> _Exercise instructions_: Go through the records and set each one down exactly, skipping any picture.

- - - - -

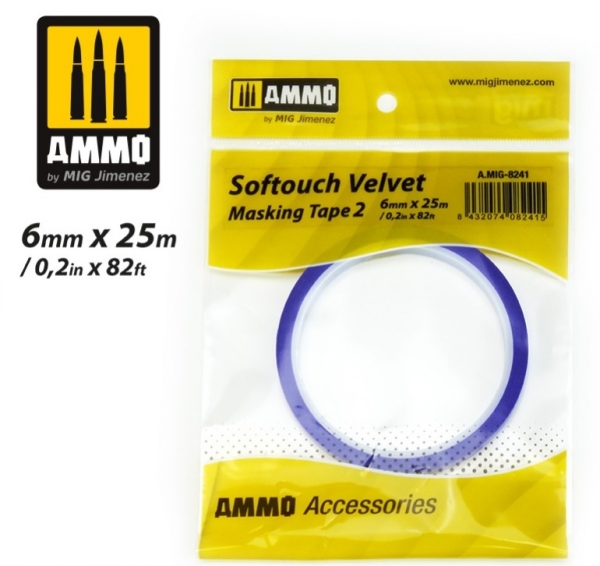 AMMO: Softouch Velvet Masking Tape #2 (6mm x 25M) 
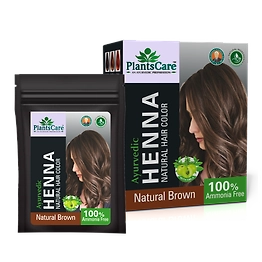 Plants Care Ayurvedic Henna Natural Hair Color Brown 240g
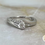 Thumbnail: 18ct White Gold Diamond Solitaire Twist with Diamond Set Shoulders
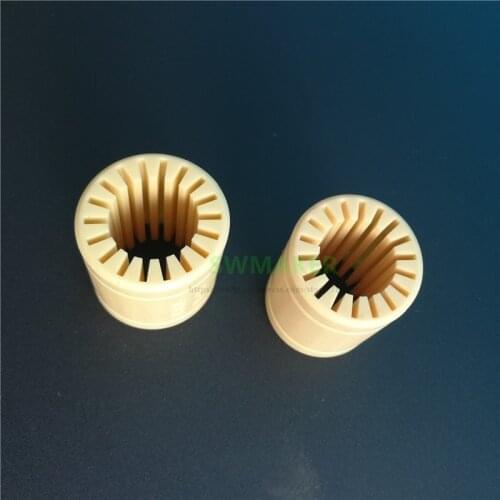 10pcs LM16UU yellow 3D Printer Solid Polymer Linear Bearing RJ4JP-01-16 Solid Plastic Bearing 16mm ID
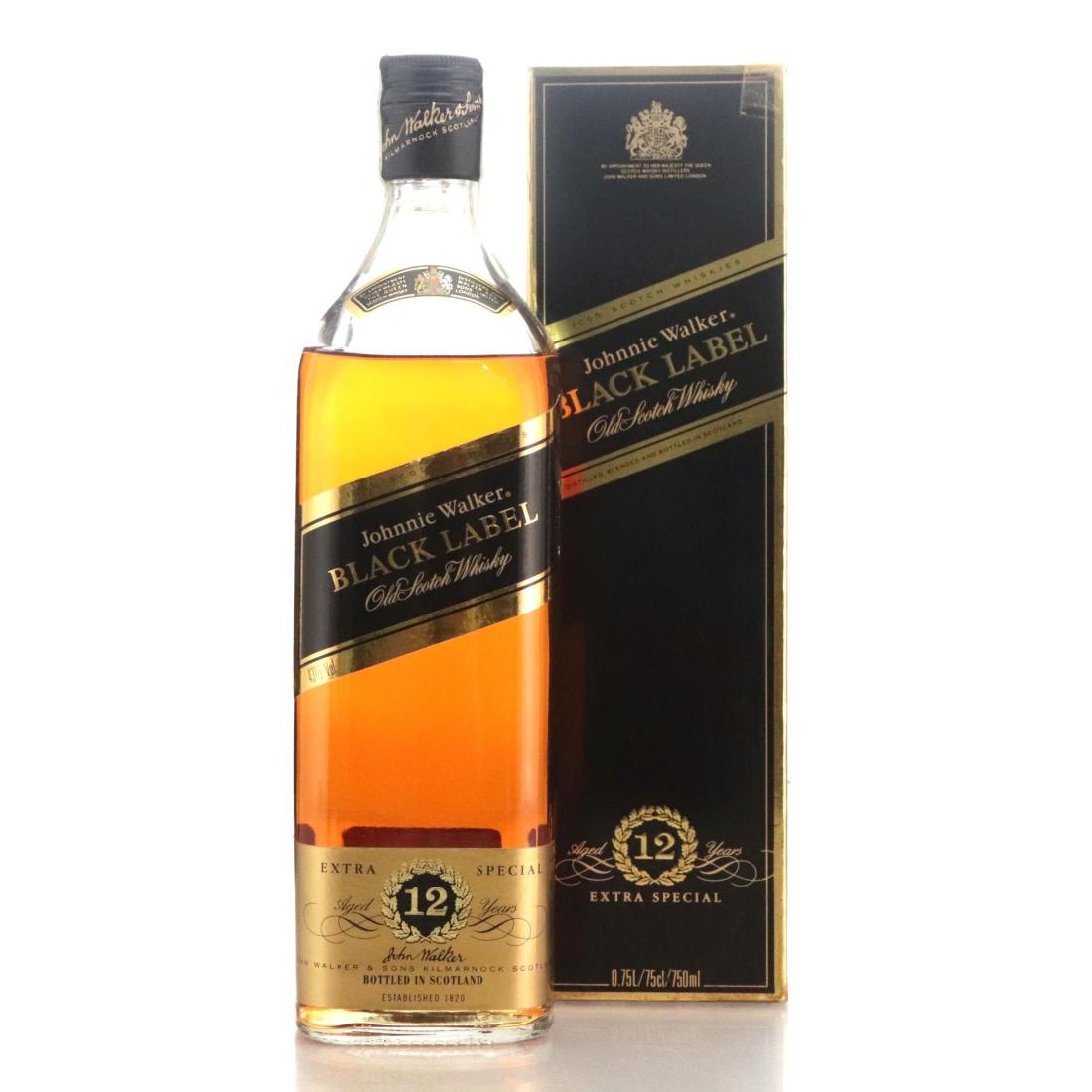 Johnnie Walker Black Label 12 Extra Special Old Scotch Whisky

- - - - -

> _Written response_:
 AMMO: Softouch Velvet Masking Tape #2 (6mm x 25M) 
 Plants Care Ayurvedic Henna Natural Hair Color Brown 240g
 Thumbnail: 18ct White Gold Diamond Solitaire Twist with Diamond Set Shoulders
 10pcs LM16UU yellow 3D Printer Solid Polymer Linear Bearing RJ4JP-01-16 Solid Plastic Bearing 16mm ID
 Johnnie Walker Black Label 12 Extra Special Old Scotch Whisky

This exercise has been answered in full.